Update Proxy_Pass for NGINX Cafe

NGINX NGINX Cafe
NGINX NGINX Cafe

  1. Update your /etc/nginx/conf.d/cafe.example.com.conf configuration, to proxy_pass to your new aks1-nlk-upstreams Upstream block, as shown. This changes where N4A will load balance your traffic:

    # NGINX 4 Azure - Cafe NGINX to AKS1 with NLK
    # Chris Akker, Shouvik Dutta, Adam Currier - Jan 2025
    #
    server {
        
        listen 80;      # Listening on port 80
    
        server_name cafe.example.com;   # Set hostname to match in request
        status_zone cafe.example.com;   # Metrics zone name
    
        access_log  /var/log/nginx/cafe.example.com.log main;
        error_log   /var/log/nginx/cafe.example.com_error.log info;
    
        location / {
            status_zone /;              # Metrics zone name
            #
            # return 200 "You have reached cafe.example.com, location /\n";
            
            proxy_pass http://aks1-nlk-upstreams;        # Proxy AND load balance to AKS1 NLK UpstreamServer List
            add_header X-Proxy-Pass aks1-nlk-upstreams;  # Custom Header
            add_header X-Aks1-Upstream $upstream_addr;   # Which AKS1 NodeIP:Port
            
            # proxy_pass http://cafe_nginx;          # Proxy AND load balance to Docker VM
            # add_header X-Proxy-Pass cafe_nginx;    # Custom Header
    
            # proxy_pass http://aks1_ingress;        # Proxy AND load balance to AKS1 NGINX Ingress
            # add_header X-Proxy-Pass aks1_ingress;  # Custom Header
    
            # proxy_pass http://aks2_ingress;        # Proxy AND load balance to AKS2 NGINX Ingress
            # add_header X-Proxy-Pass aks2_ingress;  # Custom Header
    
        }
        
    }
    
  2. Submit your NGINX Configuration.


Create the Kubernetes NodePort Service

K8s

Now a Kubernetes Service is required, to expose your application outside of the cluster. NLK uses a standard NodePort definition, with a few additions needed for the NLK Controller. In this exercise, you will expose the nginx-ingress Service, which is the NGINX Ingress Controller running inside the Cluster.
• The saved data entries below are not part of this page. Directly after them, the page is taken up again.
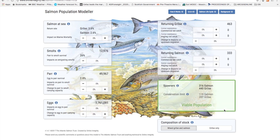The final box shows the number of spawners. Even without human impacts not all returning salmon and grilse survive to spawn. The model assumes a loss rate of 5%, but those that do reach the spawning gravels then start the whole cycle all over again.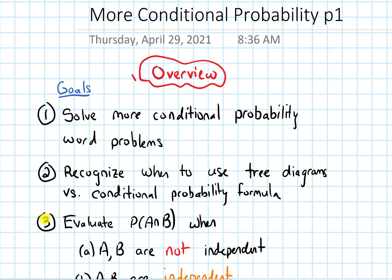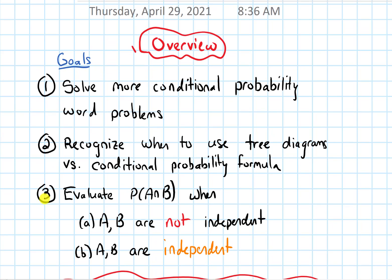Finally, there's a topic that I originally intended to cover in the last section, but I thought it made a little bit more sense to cover it here, which is how to evaluate the probability of the intersection of two events — when the two events are not independent, as well as when the two events are independent.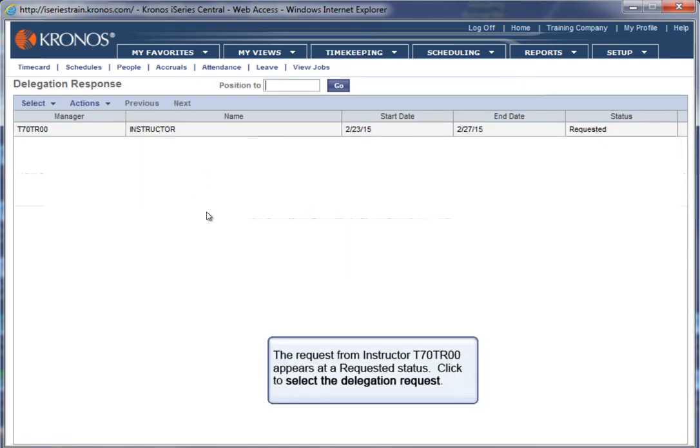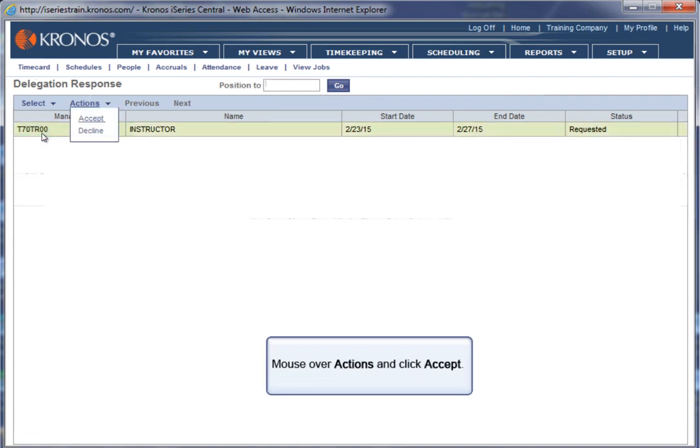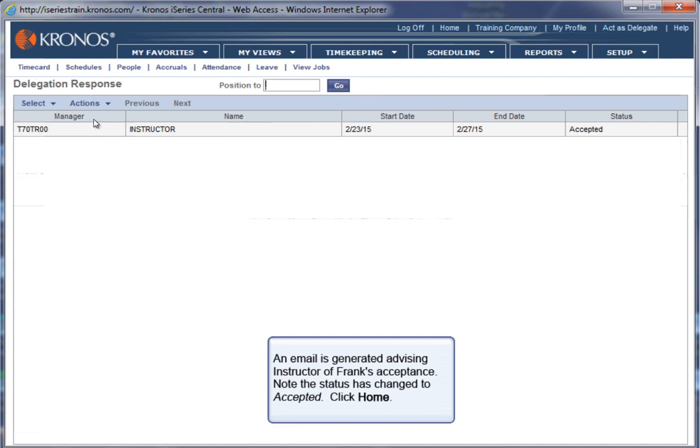The request from instructor T70TR00 appears at a Requested status. Click to select the Delegation request. Mouse over Actions and click Accept. An email is generated advising instructor of Frank's acceptance. Note the status has changed to Accepted. Click Home.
IMPORTANT: This create TWO layers of NGINX Loadbalancing - N4A outside the Cluster is sending traffic to NGINX Ingress inside the Cluster.

NGINX Ingress will then route the requests to the correct Services and Pods. (NOTE that data plane traffic does NOT go through the NLK Controller at all, as it is part of the control plane).

NLK Diagram

  1. Using kubectl, set your config context for n4a-aks1, and apply the NodePort manifest file provided here:

    kubectl config use-context n4a-aks1
    kubectl apply -f nodeport-aks1-nlk.yaml
    

    DeepDive Explanation of the nodeport-aks1-nlk.yaml manifest:

    Scuba Cat

    apiVersion: v1
    kind: Service
    metadata:
      name: nginx-ingress
      namespace: nginx-ingress
      annotations:
        # Let the controller know to pay attention to this K8s Service.
        nginx.com/nginxaas: nginxaas
    spec:
      # expose the HTTP port on the nodes
      type: NodePort
      ports:
      - port: 80
        targetPort: 80
        protocol: TCP
        # The port name maps to N4A upstream. It must be prefixed with `http-`
        # and the rest of the name must match the name of an upstream
        name: http-aks1-nlk-upstreams
      selector:
        app: nginx-ingress
    
    • The Service name is nginx-ingress
    • The namespace matches the NGINX Ingress Controller, nginx-ingress
    • Annotation is set for nginxaas, tells the NLK Controller to Watch this Service
    • Type is NodePort
    • Cluster Port is 80, to the Pods
    • The name of the port is the mapping to the proper upstream name, with a prefix of http-. This is done to ensure the NLK's HTTP NodePort does not duplicate/overwrite other NodePorts you might have defined.
  2. Verify that your nginx-ingress Service was created.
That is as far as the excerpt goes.